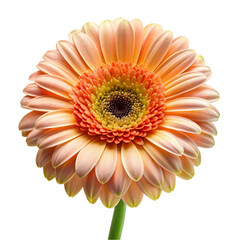 Peach Gerbera Daisy Flower Blossom Isolated Black Background Soft Shot Petal Bloom Macro Image Color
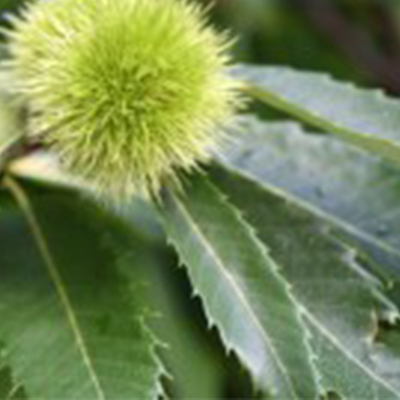 American chestnut leaves and bur on tree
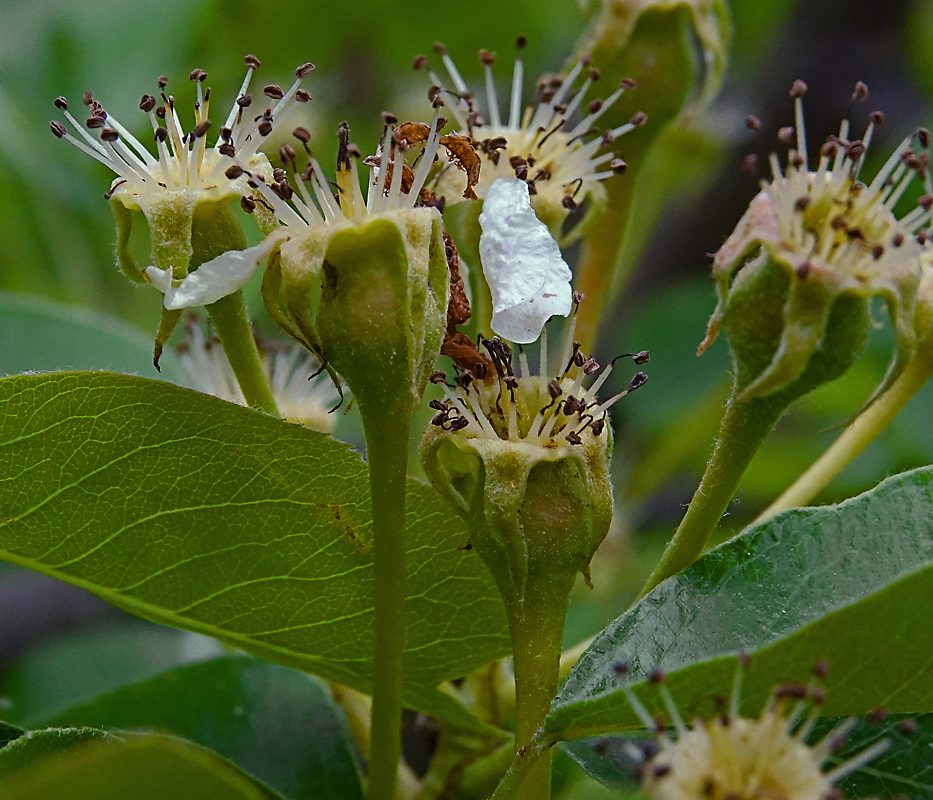 Изображение особи Pyrus communis.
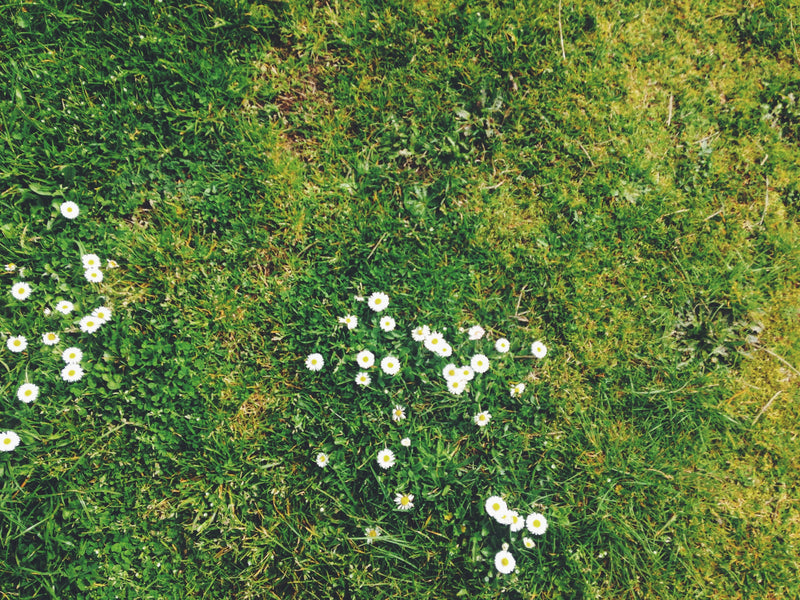 A Guide to Greener Grass - Selecting the Proper Fertilizer for Your Lawn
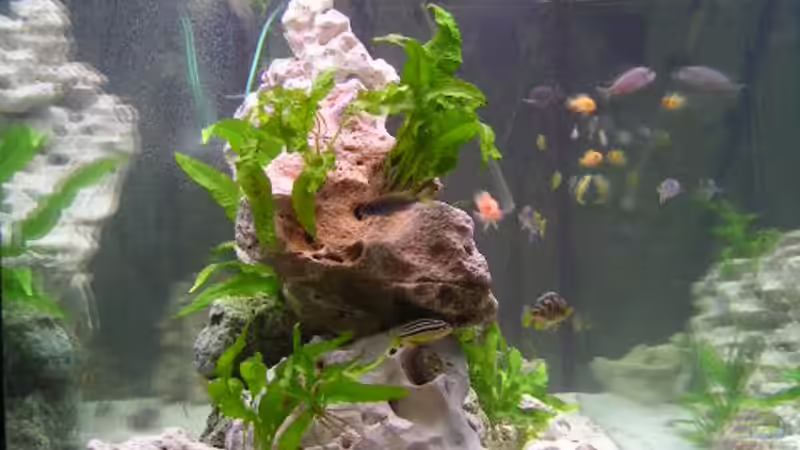 Aquarium Becken 359 von Frank Faselt (4)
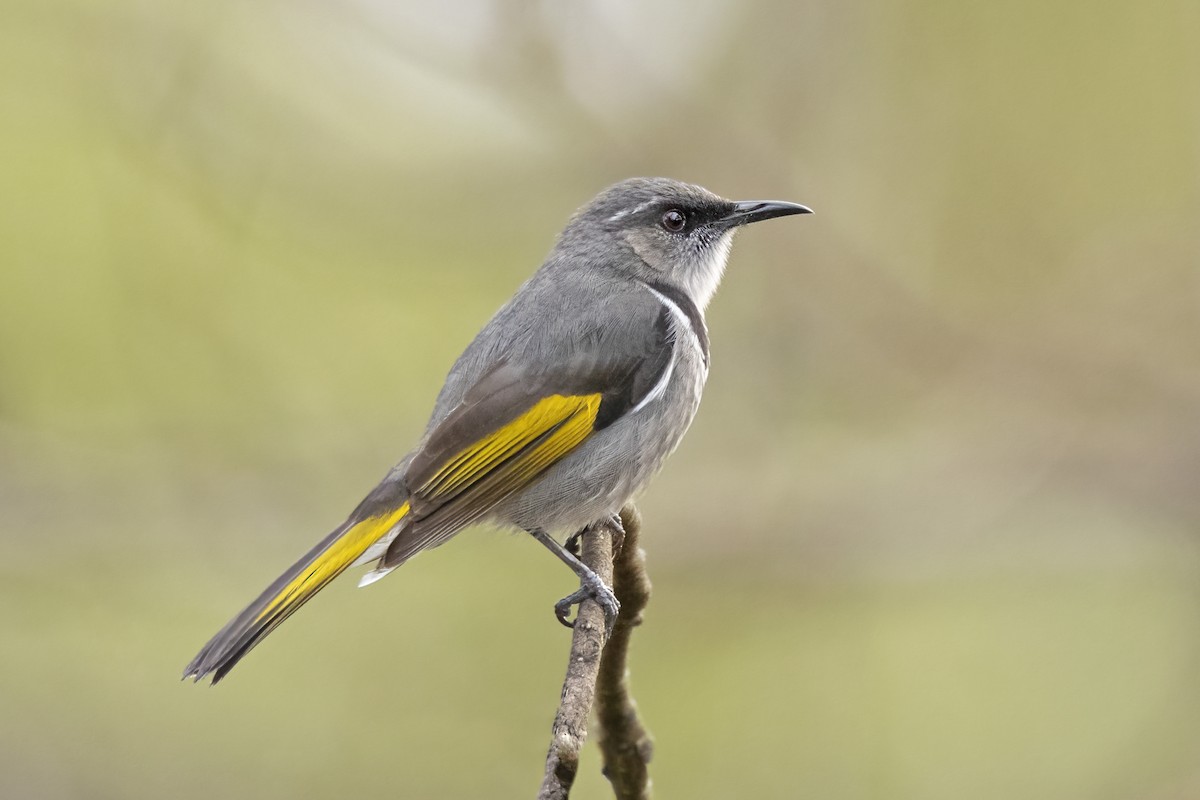 Crescent Honeyeater - ML349018021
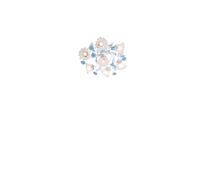 Потолочная люстра Lucia Tucci FIORI Fiori di rose 112.6.1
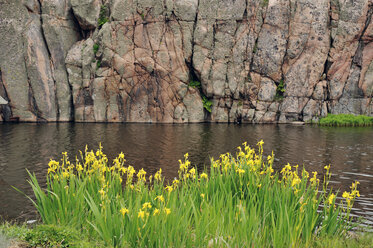 Schweden, Smoegen, Iris wächst an der Schärenküste - BR000331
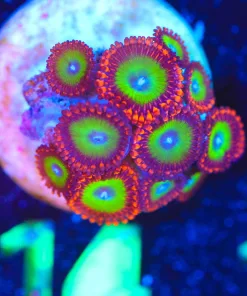 Wysiwyg Candy Apple Zoanthid Frag  [F114]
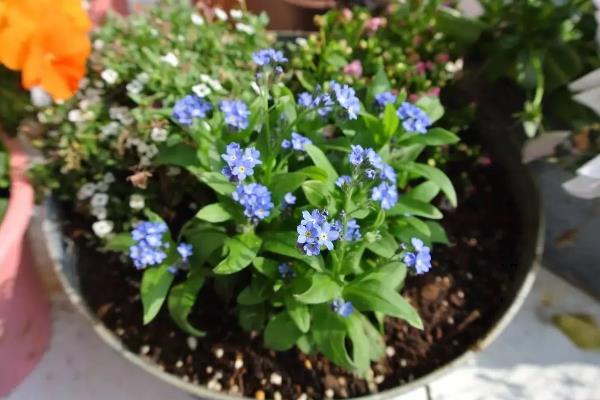 勿忘我花的外观，总状花序顶生、花朵呈浅蓝色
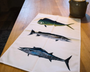 Table & Cuisine - Torchon | Les Poissons Exotiques - Varek Illustrations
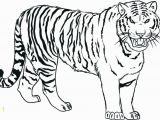 Free Tiger Coloring Pages Tiger Coloring Pages Ideas with Awesome Pattern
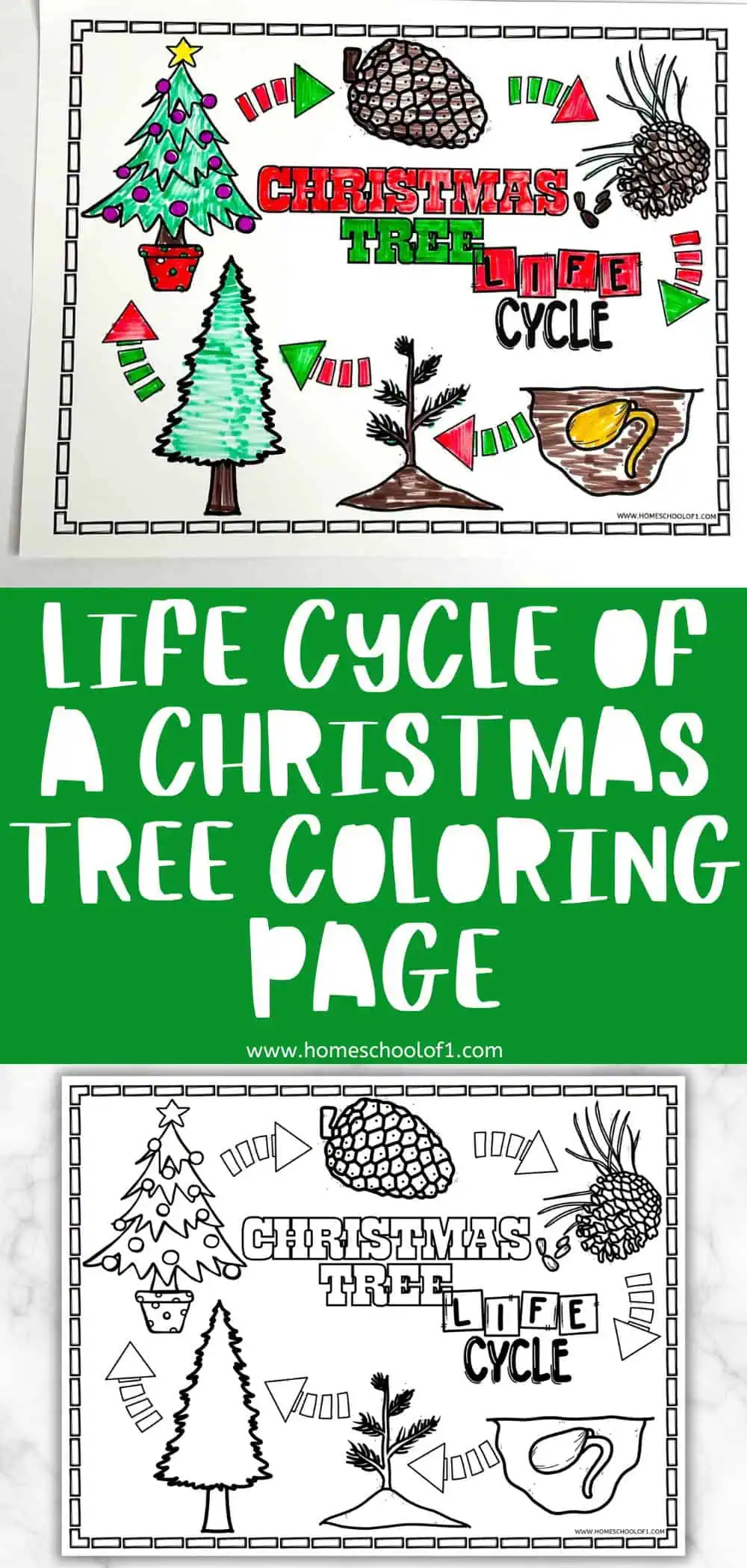 completed life cycle of a christmas tree coloring page in bright colors followed by "life cycle of a christmas tree coloring page" in white text on a green background. Underneath is the blank christmas tree coloring page worksheet.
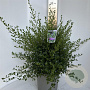 Ceanothus impressus 'Victoria' 35-40 cm P27
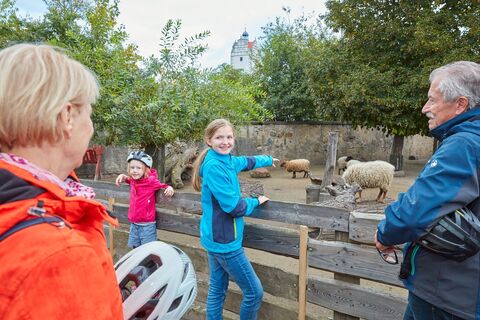 Kleintierzoo mit Schloss Strehla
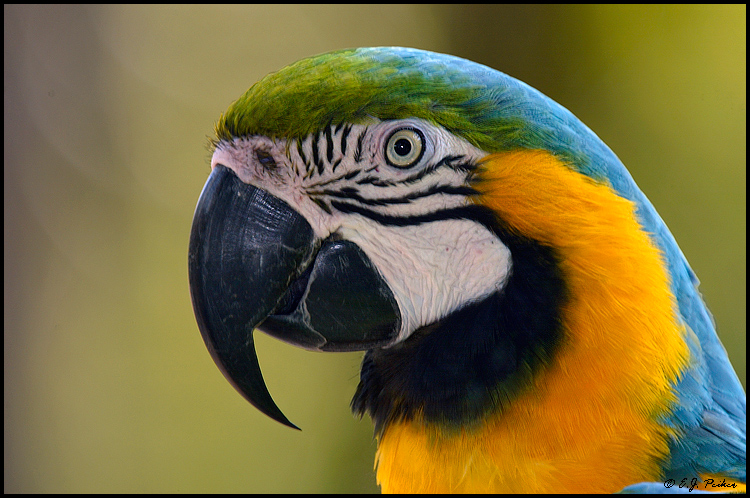 Blue-gold Macaw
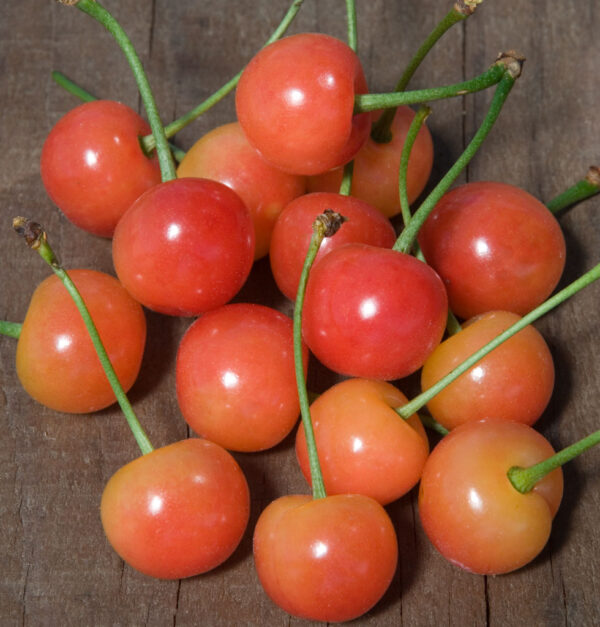 Prunus cis. 'Big Cis' Flowering Sand Cherry Tree, 7 gal 6'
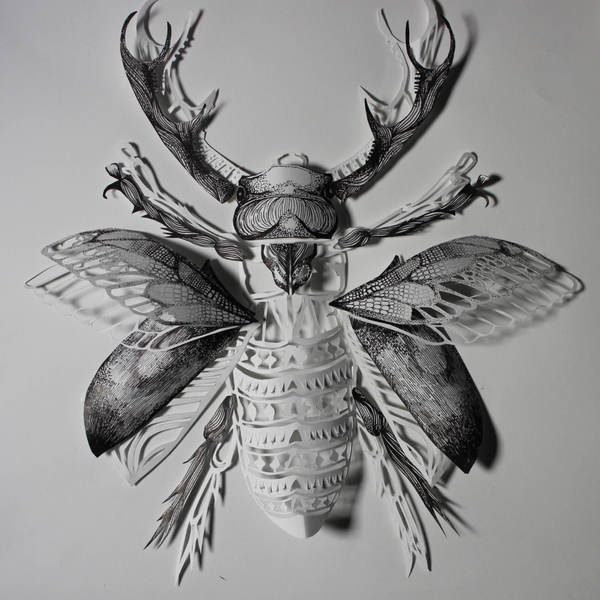 Travail de paper cut ou papier découpé représentant un insecte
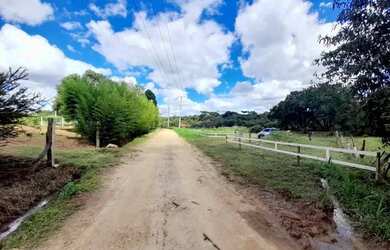 Imagem 7: Chácara a Venda em Contenda Pr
********************
__Work to be completed__:
Restate the material word for word, minus pictures.

__Written reply__:
 Peach Gerbera Daisy Flower Blossom Isolated Black Background Soft Shot Petal Bloom Macro Image Color
 American chestnut leaves and bur on tree
 Изображение особи Pyrus communis.
 A Guide to Greener Grass - Selecting the Proper Fertilizer for Your Lawn
 Aquarium Becken 359 von Frank Faselt (4)
 Crescent Honeyeater - ML349018021
 Потолочная люстра Lucia Tucci FIORI Fiori di rose 112.6.1
 Schweden, Smoegen, Iris wächst an der Schärenküste - BR000331
 Wysiwyg Candy Apple Zoanthid Frag  [F114]
 勿忘我花的外观，总状花序顶生、花朵呈浅蓝色
 Table & Cuisine - Torchon | Les Poissons Exotiques - Varek Illustrations
 Free Tiger Coloring Pages Tiger Coloring Pages Ideas with Awesome Pattern
 completed life cycle of a christmas tree coloring page in bright colors followed by "life cycle of a christmas tree coloring page" in white text on a green background. Underneath is the blank christmas tree coloring page worksheet.
 Ceanothus impressus 'Victoria' 35-40 cm P27
 Kleintierzoo mit Schloss Strehla
 Blue-gold Macaw
 Prunus cis. 'Big Cis' Flowering Sand Cherry Tree, 7 gal 6'
 Travail de paper cut ou papier découpé représentant un insecte
 Imagem 7: Chácara a Venda em Contenda Pr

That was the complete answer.